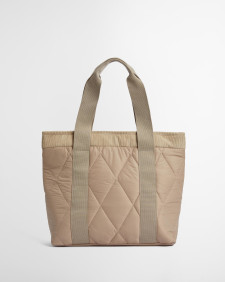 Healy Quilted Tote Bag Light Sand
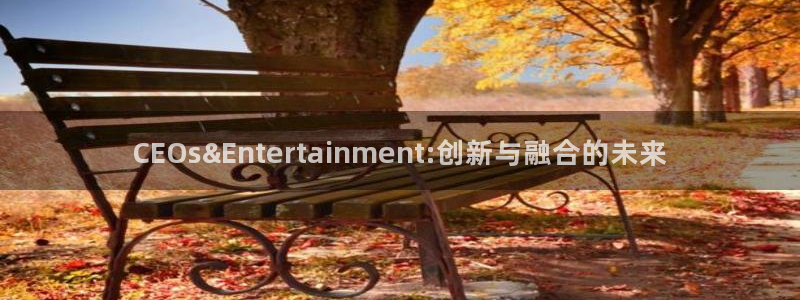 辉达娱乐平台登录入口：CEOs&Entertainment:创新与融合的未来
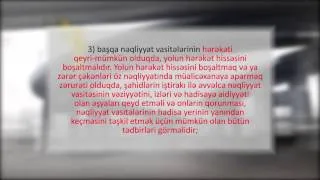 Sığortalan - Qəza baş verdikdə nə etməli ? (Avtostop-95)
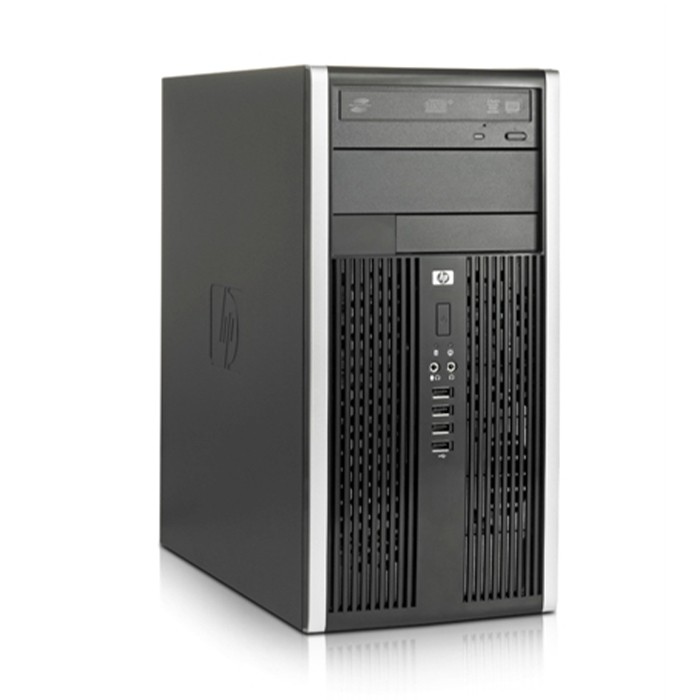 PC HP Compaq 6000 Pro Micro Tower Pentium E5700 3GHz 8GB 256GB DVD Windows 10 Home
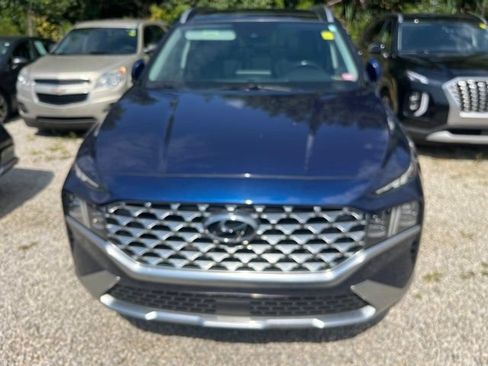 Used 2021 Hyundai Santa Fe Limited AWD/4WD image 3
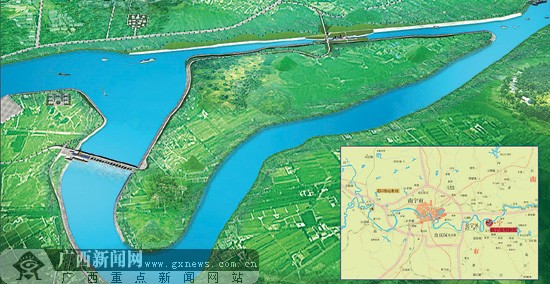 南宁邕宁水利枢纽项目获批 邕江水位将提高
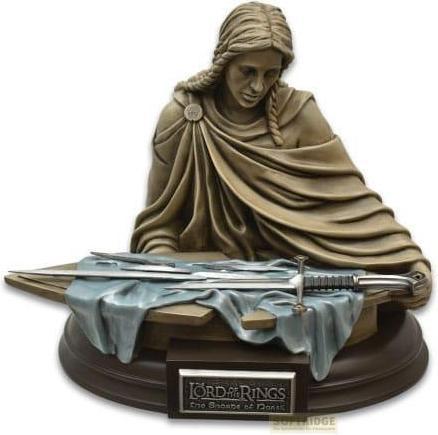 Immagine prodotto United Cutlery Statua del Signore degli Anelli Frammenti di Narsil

● ● ● ● ●

> Exercise prompt
When you write out the material above, keep every line exact and drop each picture.

> Result of this task
 Healy Quilted Tote Bag Light Sand
 辉达娱乐平台登录入口：CEOs&Entertainment:创新与融合的未来
 Sığortalan - Qəza baş verdikdə nə etməli ? (Avtostop-95)
 PC HP Compaq 6000 Pro Micro Tower Pentium E5700 3GHz 8GB 256GB DVD Windows 10 Home
 Used 2021 Hyundai Santa Fe Limited AWD/4WD image 3
 南宁邕宁水利枢纽项目获批 邕江水位将提高
 Immagine prodotto United Cutlery Statua del Signore degli Anelli Frammenti di Narsil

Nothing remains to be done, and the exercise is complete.